MBIA Inc. and Bank of America Corp. settled a five-year legal battle over soured mortgage debt in a deal that will pay MBIA the equivalent of $1.7 billion and give the bank a 5 percent stake in the bond insurer. MBIA shares surged as much as 57 percent, the biggest intraday jump ever.
The bond insurer will drop demands that Bank of America’s Countrywide unit buy back faulty home loans that MBIA guaranteed, while the bank ends a challenge to a 2009 restructuring of the insurer that was intended to jumpstart its business of backing municipal bonds, the two companies said Monday in separate statements.

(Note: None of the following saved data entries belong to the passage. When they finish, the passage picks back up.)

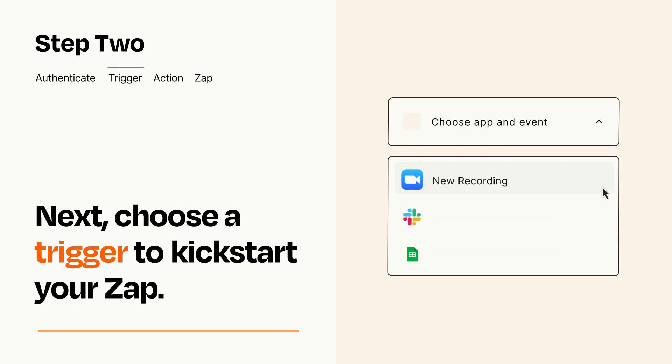Now let's set up your trigger, which is the event that starts your Zap. Pick the trigger event that you want from the list.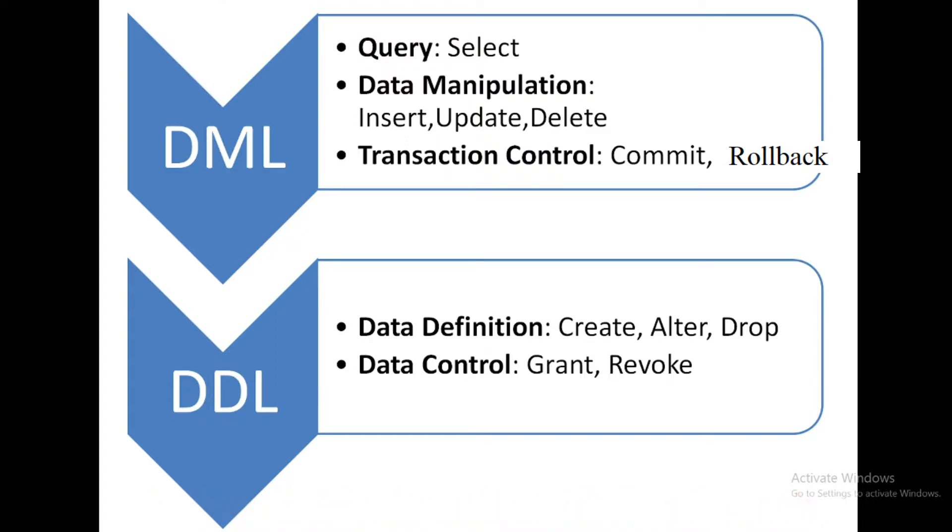Next one is data manipulation. That means whenever you want to insert, update or delete the data from the table then you have to require the data manipulation query.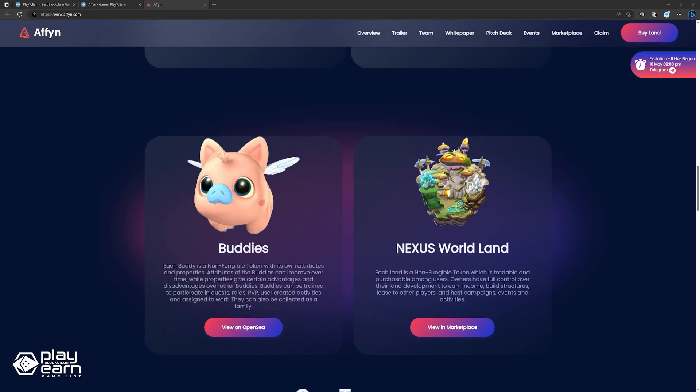One of the main NFTs of the game are called the Buddies, which are like Pokemon you can collect. Buddies can be trained to participate in quests, raids, PvP, user-created activities, and assigned to work. They can also be collected as a family.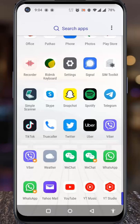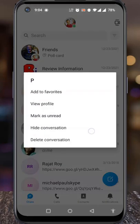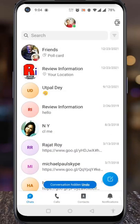Open the Skype app on your phone. Search for the conversation which you want to hide, then long press on it. A new menu will pop up. Tap on Hide Conversation. The conversation is now hidden from view.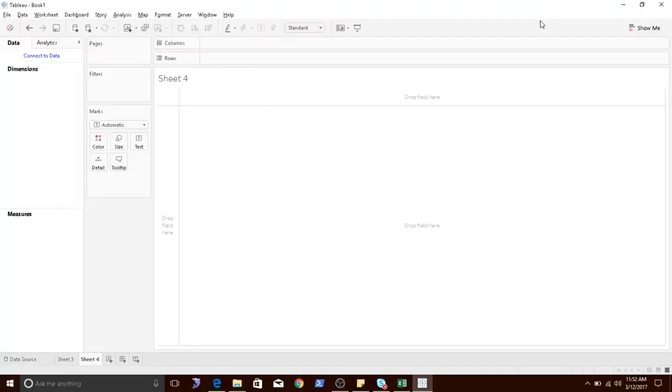Hi guys, in this video I will show you how to perform VLOOKUP in Tableau without writing any calculated fields or functions.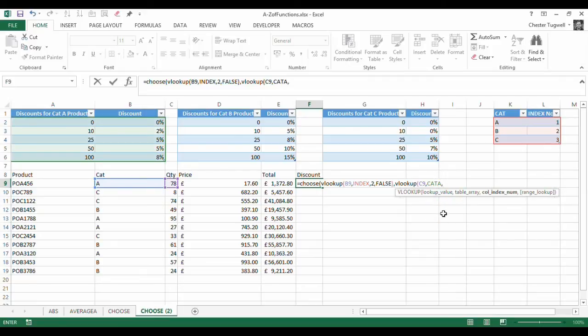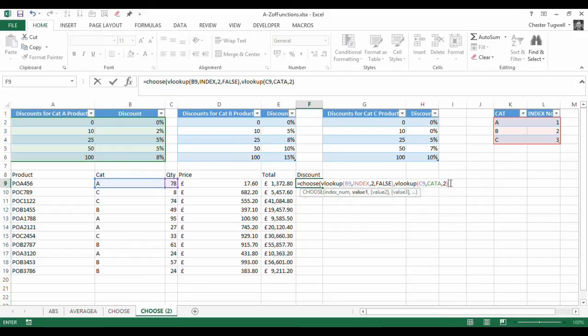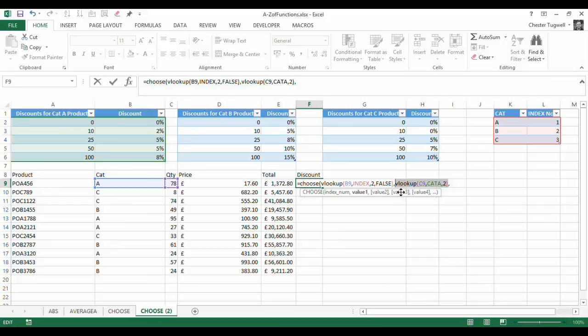And returning values from column 2. Now essentially what I'm going to be doing is an approximate match lookup, not an exact match lookup. So I don't need to write false at the end. So I can just close that bracket and put in a comma. So that is the VLOOKUP I want to perform for index number 1.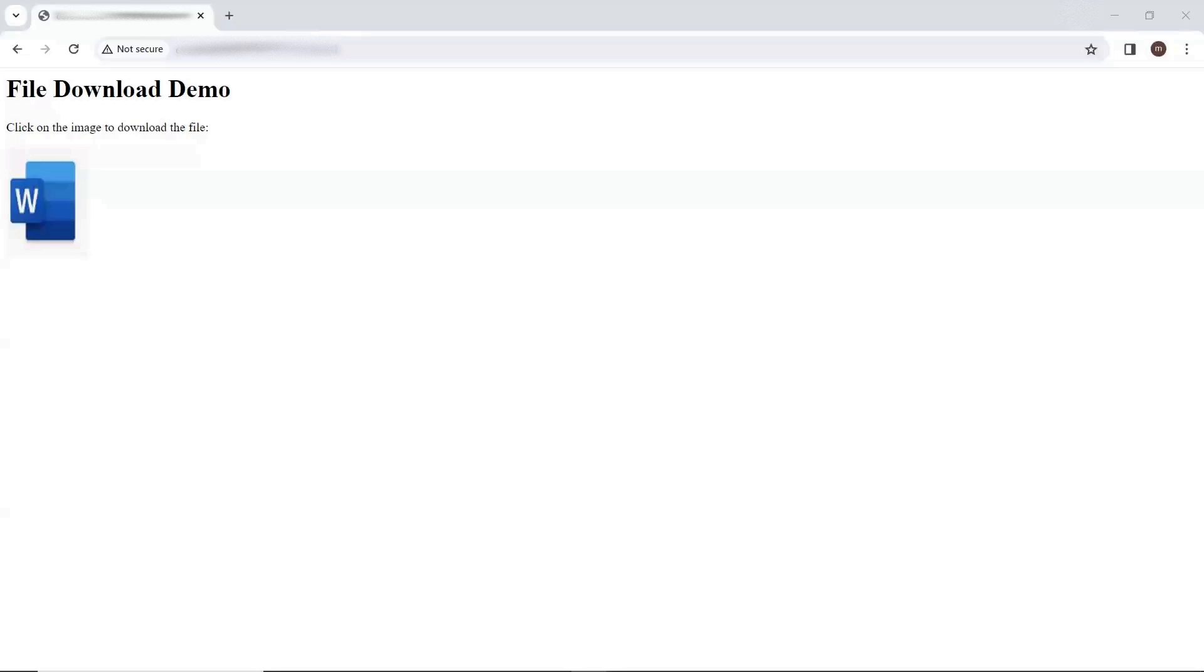Hello everyone, welcome back to Maximum Automation. Today in this video, I'm going to discuss a very recent problem that I believe most of us are facing after Chrome browser version update.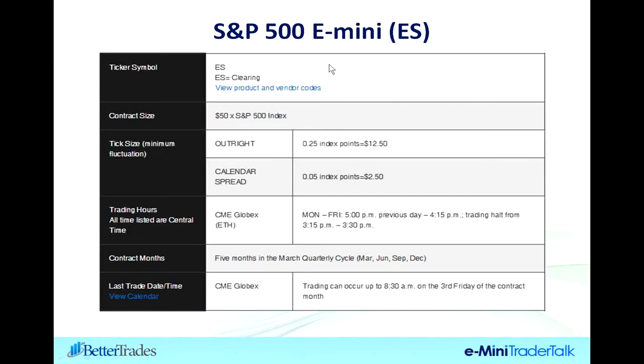There are two primary contracts we're going to start off with in the evening here at the E-mini Trader Talk. The very first one is the S&P 500. The reason we're going to start with the S&P 500 is it is the most liquid of all the contracts. Let me show you what I mean.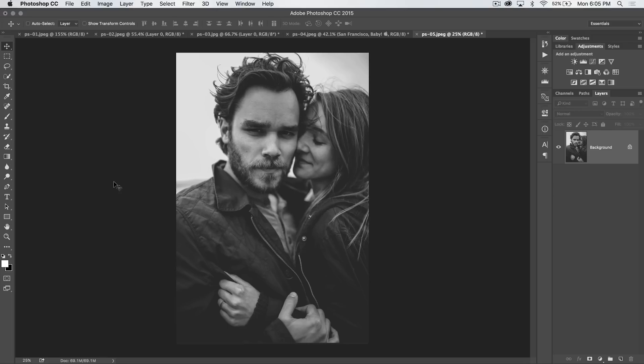This is a Photoshop tutorial in 30 seconds or so, brought to you by tutvid.com. We're going to take a look at creating a very simple advertisement poster in Photoshop non-destructively.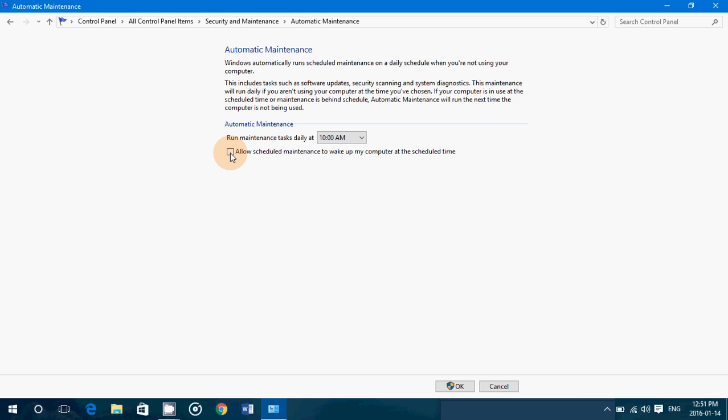If you put that check mark here, it will allow scheduled maintenance to wake up the computer from sleep mode. If you don't have that check mark, it will not even wake up from sleep. You have to put the check mark to allow the computer to wake up for maintenance.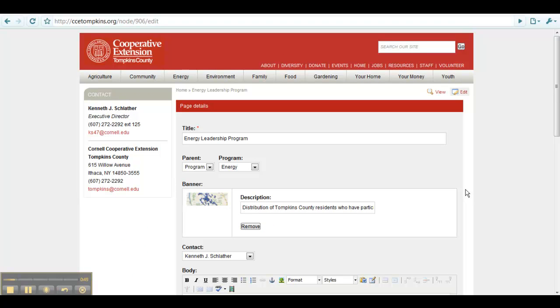After clicking on the Edit button, you will be taken to a page showing you all of the settings and content for that page. This is the same page you would have seen when the page, event, resource,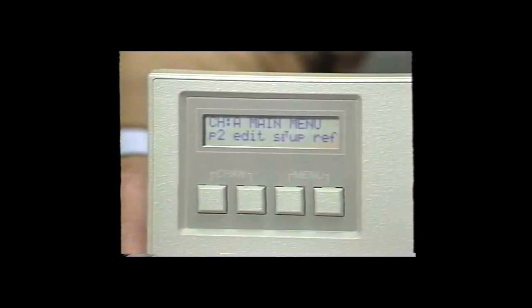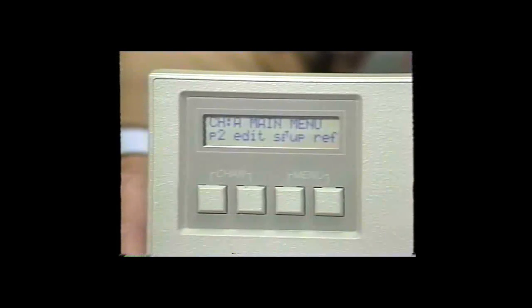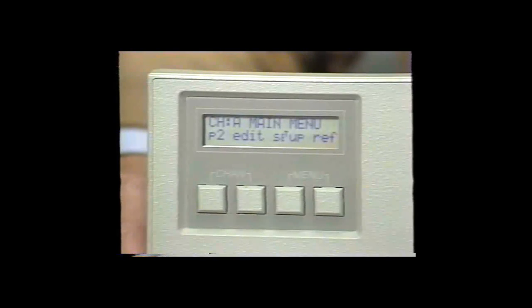Page two of the main menu is used to access functions not normally used in everyday operations, such as Edit, the Setup Modes, and the Reference Positions. Edit allows you to set your control limits for your processor. It also allows you to enter the channel name and to change the equation format to calculate the process control parameters.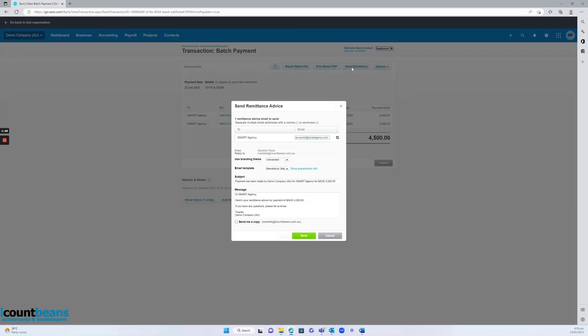We'll click send remittance, make sure all the details and the message is correct, and then hit send.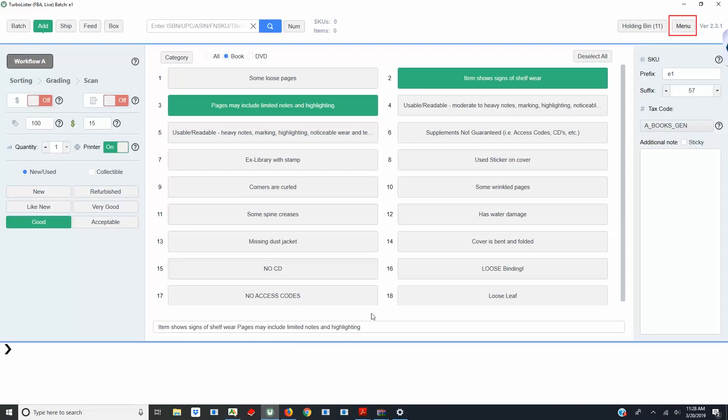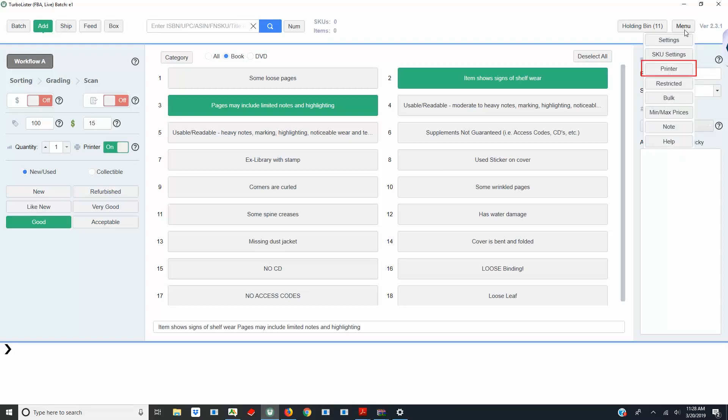In Turbolister, click Menu and then Printer to open the printer settings.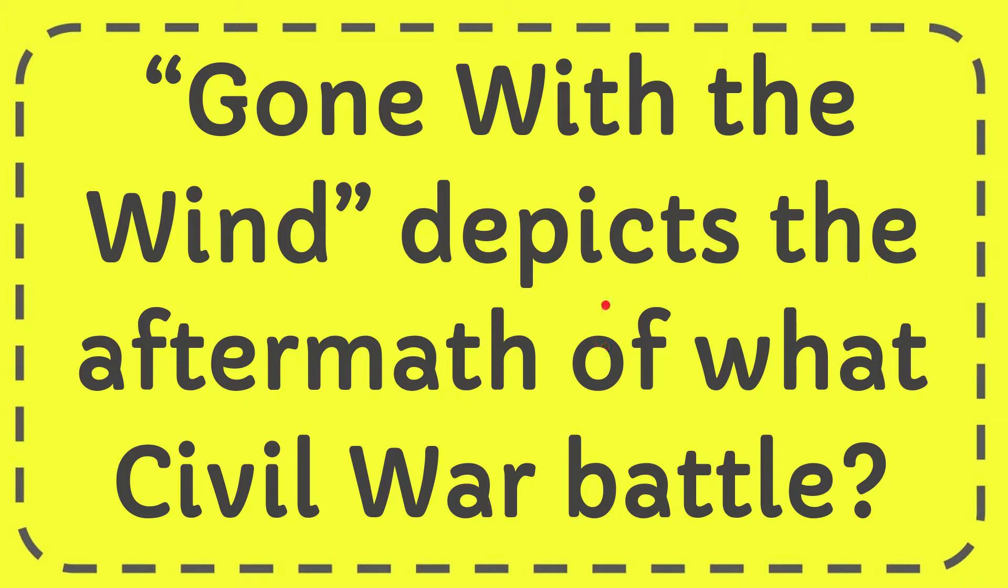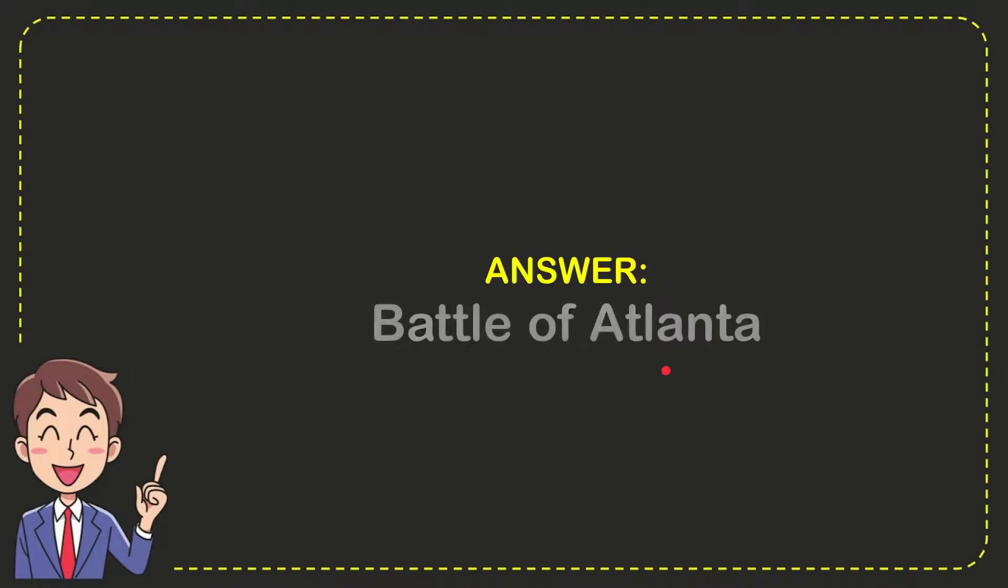In this video, I'm going to give you the answer for this question. The question is: Gone with the Wind depicts the aftermath of what Civil War battle? I want to give you the answer for this question, and the answer is Battle of Atlanta. So that is the answer for the question.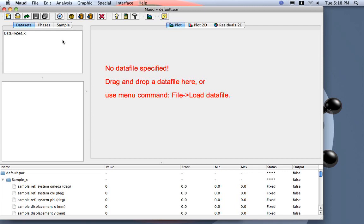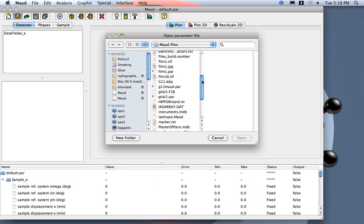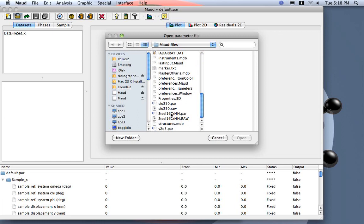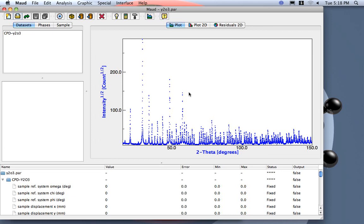I would like also to check if everything is ok so I just load one of the examples. Maud goes to the directory I created. There are a lot of files inside. The ones ending in .par are analysis examples already done. You can load one, for example we load this yttrium oxide that is just an example coming from a round robin.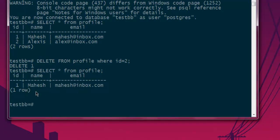So this was a simple video on how to delete a database table row in PostgreSQL.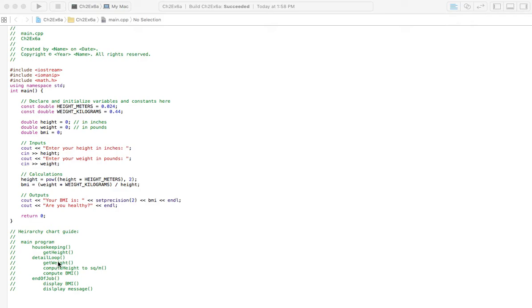Inside of Detail Loop we've got Get Weight, Compute Height to Square Meters, and Compute the BMI. Then we've got End of Job, Display BMI, and Display Message.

Bank of America also will provide the MBIA unit that guaranteed the lender’s mortgage debt a $500 million credit line, the firms said.
“This comprehensive and important settlement is a very positive step forward for both Bank of America and MBIA,” Benjamin Lawsky, New York’s superintendent of financial services, said in a statement. “It resolves significant exposure and expensive litigation for Bank of America, while also giving MBIA a path forward.”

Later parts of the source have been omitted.